- [TASK DIRECTIONS] Write out the line with "Star gazing hare stud earrings" and every later line through the end of the data below, exactly as given, with no pictures in the copy.
== Segment start ==
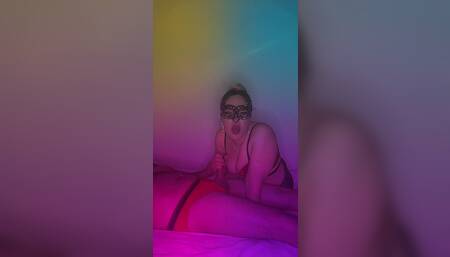 Hot wife Safura is sucking cock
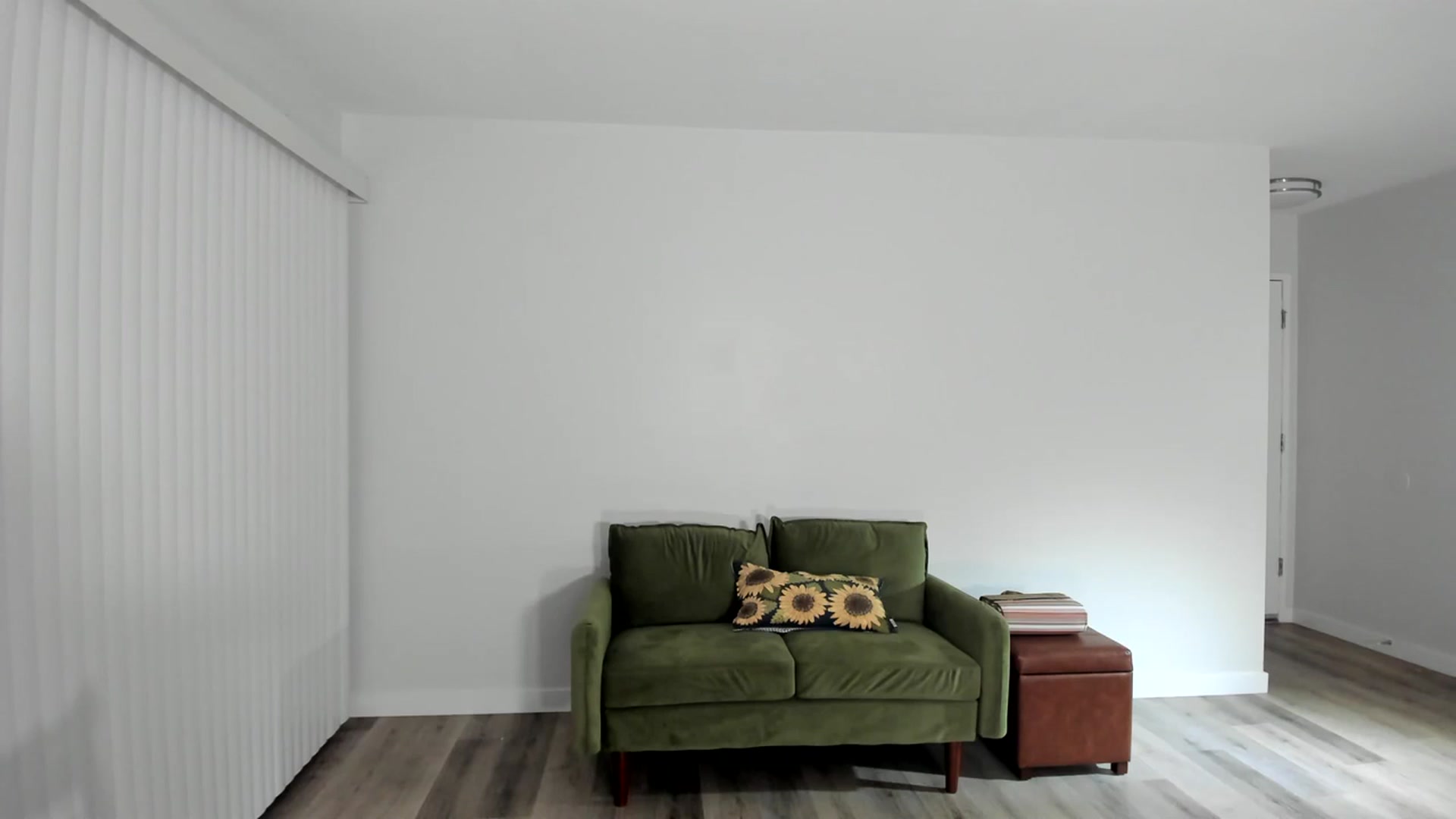 Gallery image thumbnail from Frankiiy_'s myfreecams stream on, 09/13/2023, 05:12 image 18 of 20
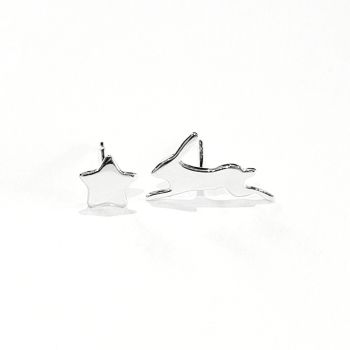 Star gazing hare stud earrings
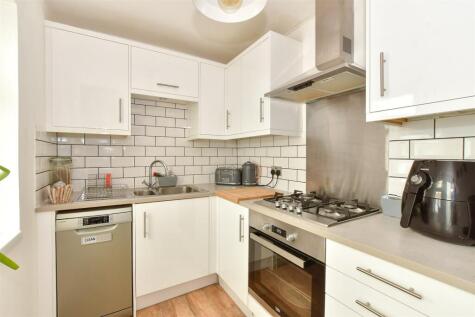 Ash Road, Newport, Isle of Wight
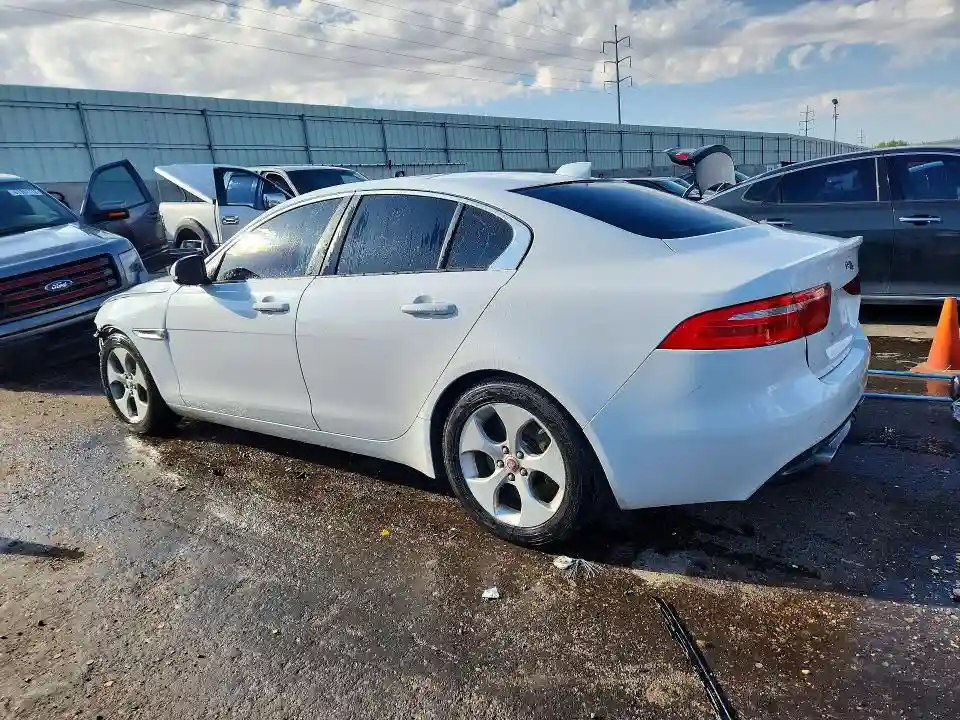 SAJAR4BG0HA977531 2017 JAGUAR XE-1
== Segment end ==
- [THE COMPLETED TASK]
 Star gazing hare stud earrings
 Ash Road, Newport, Isle of Wight
 SAJAR4BG0HA977531 2017 JAGUAR XE-1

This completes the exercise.